» Your assignment: Reproduce the entries shown below only from the line with "Get your free" down to the line with "This image shows", keeping both end lines and copying each one exactly.

» Source material:
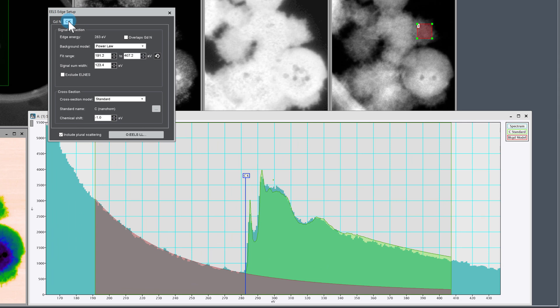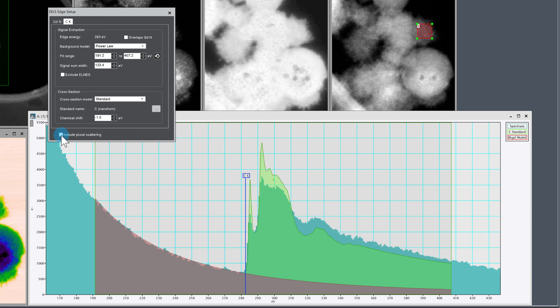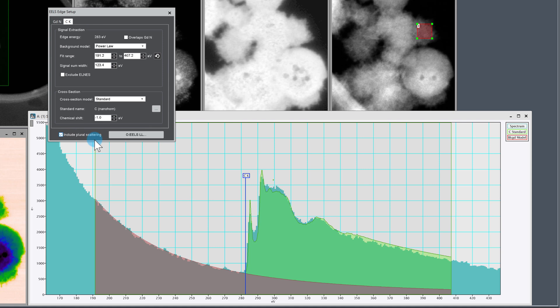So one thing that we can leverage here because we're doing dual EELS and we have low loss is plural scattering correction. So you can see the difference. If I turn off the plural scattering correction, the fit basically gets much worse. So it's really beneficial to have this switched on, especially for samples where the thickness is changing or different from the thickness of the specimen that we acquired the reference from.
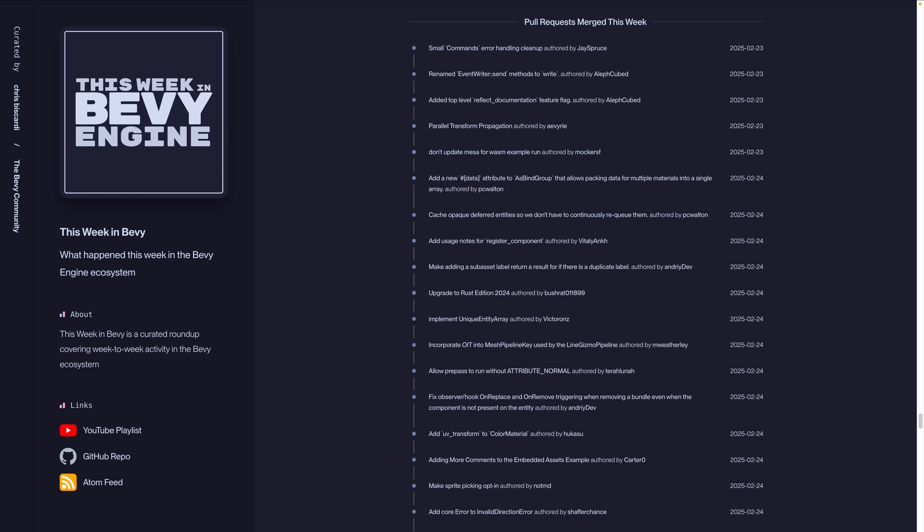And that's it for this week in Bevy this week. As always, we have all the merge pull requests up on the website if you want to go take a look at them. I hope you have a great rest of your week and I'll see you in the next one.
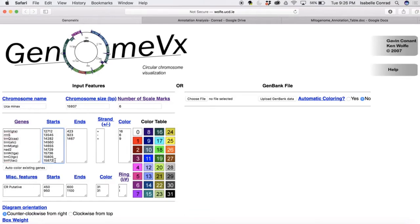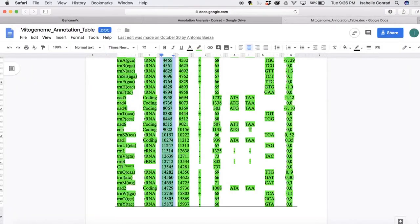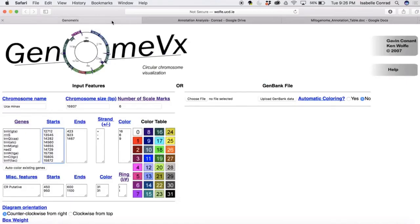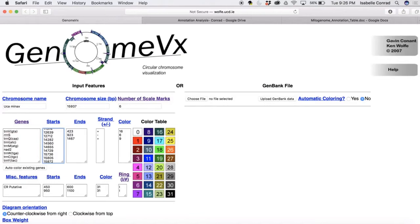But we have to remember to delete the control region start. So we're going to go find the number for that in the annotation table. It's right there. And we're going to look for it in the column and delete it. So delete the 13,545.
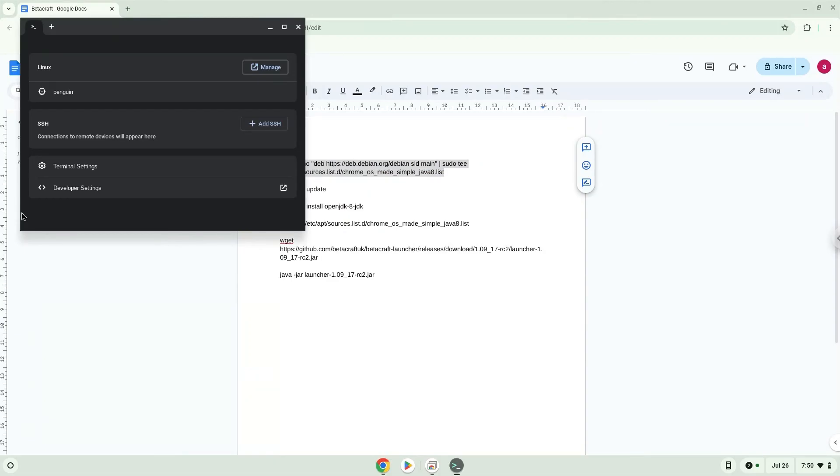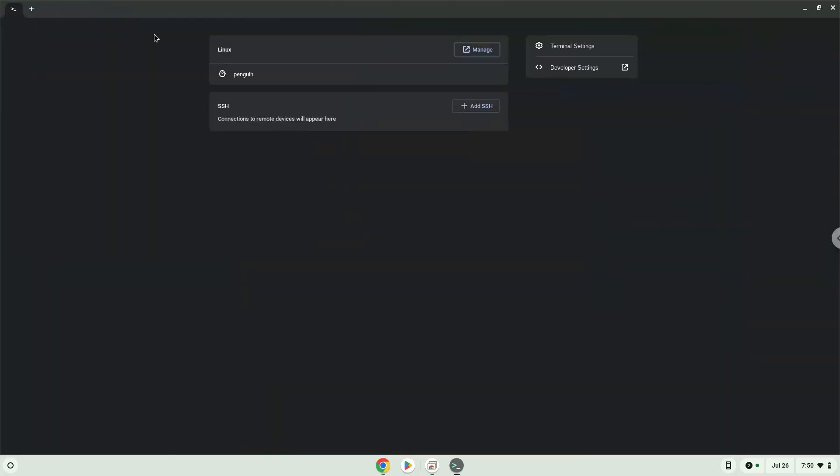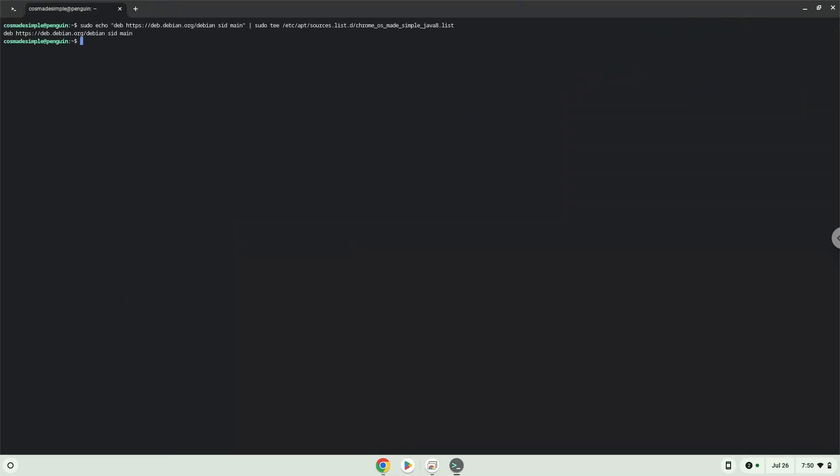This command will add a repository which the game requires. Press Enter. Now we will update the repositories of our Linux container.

--

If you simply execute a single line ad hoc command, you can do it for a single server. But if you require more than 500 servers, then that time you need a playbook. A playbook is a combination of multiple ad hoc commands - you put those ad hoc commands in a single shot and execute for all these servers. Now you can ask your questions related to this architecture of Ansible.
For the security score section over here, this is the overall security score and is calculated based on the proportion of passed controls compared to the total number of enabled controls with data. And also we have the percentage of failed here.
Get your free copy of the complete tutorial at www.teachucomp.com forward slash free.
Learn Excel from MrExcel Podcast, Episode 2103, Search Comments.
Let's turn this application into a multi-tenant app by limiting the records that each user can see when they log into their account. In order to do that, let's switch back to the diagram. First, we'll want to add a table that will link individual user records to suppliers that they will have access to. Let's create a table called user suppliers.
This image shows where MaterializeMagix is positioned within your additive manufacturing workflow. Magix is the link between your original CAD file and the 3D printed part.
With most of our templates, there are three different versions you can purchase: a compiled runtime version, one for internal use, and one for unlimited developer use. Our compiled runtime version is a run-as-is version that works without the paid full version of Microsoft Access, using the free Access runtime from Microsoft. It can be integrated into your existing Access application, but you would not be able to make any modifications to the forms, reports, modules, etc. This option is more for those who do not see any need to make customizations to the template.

---

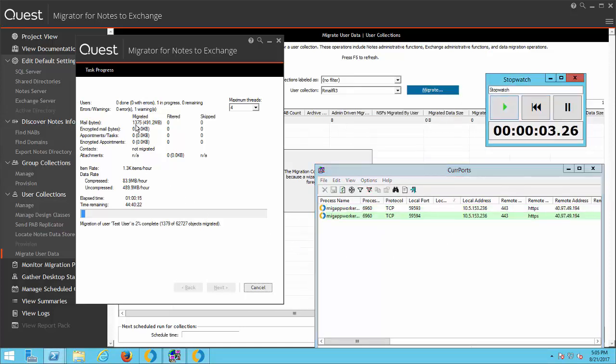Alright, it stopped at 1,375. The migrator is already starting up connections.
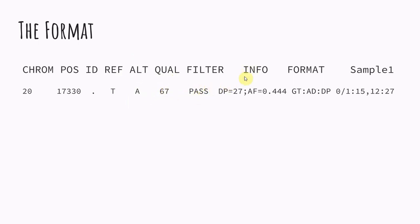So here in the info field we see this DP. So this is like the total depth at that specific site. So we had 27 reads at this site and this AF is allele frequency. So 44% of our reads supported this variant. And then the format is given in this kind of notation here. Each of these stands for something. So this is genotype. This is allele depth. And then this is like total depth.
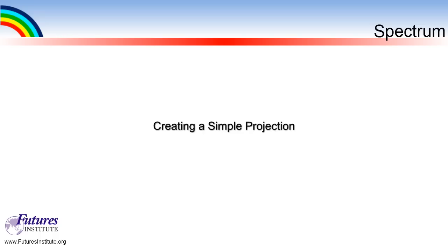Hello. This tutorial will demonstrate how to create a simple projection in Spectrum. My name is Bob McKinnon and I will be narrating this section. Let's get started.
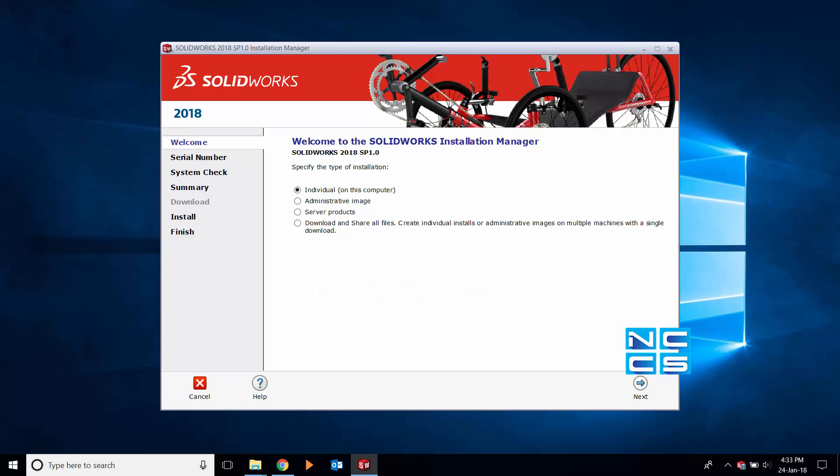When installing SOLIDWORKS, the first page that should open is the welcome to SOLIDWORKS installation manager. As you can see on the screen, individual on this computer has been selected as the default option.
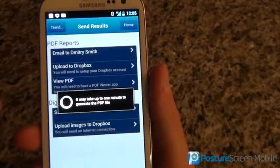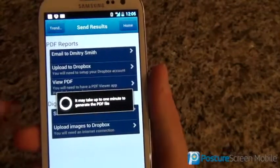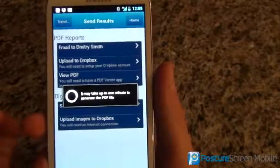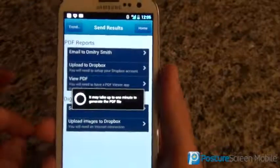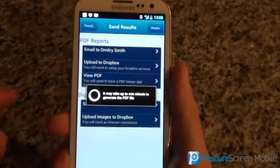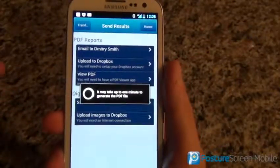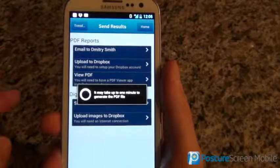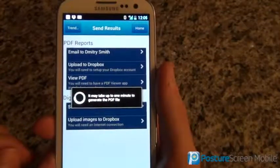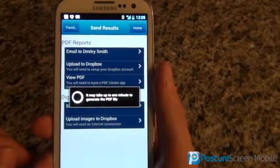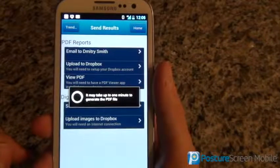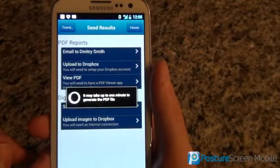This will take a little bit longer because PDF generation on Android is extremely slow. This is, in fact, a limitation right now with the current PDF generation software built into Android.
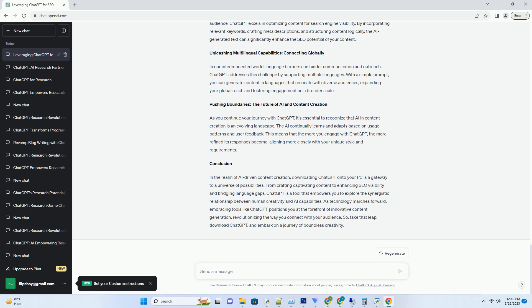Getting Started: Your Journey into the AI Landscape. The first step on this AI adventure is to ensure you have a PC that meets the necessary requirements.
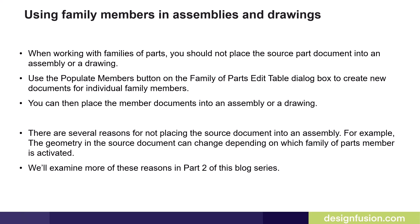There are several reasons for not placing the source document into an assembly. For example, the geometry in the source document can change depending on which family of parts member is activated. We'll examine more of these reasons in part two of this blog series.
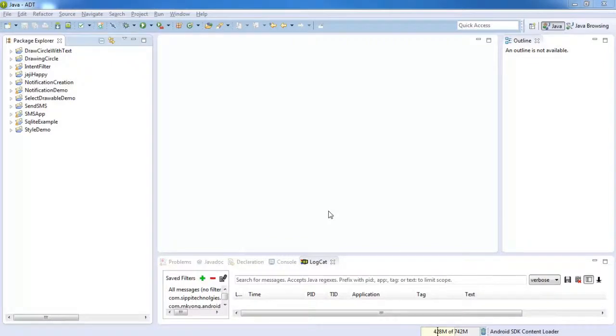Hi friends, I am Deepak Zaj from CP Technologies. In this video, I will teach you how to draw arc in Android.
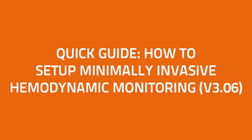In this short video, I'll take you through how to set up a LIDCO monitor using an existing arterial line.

» Exercise solution:
Get your free copy of the complete tutorial at www.teachucomp.com forward slash free.
Learn Excel from MrExcel Podcast, Episode 2103, Search Comments.
Let's turn this application into a multi-tenant app by limiting the records that each user can see when they log into their account. In order to do that, let's switch back to the diagram. First, we'll want to add a table that will link individual user records to suppliers that they will have access to. Let's create a table called user suppliers.
This image shows where MaterializeMagix is positioned within your additive manufacturing workflow. Magix is the link between your original CAD file and the 3D printed part.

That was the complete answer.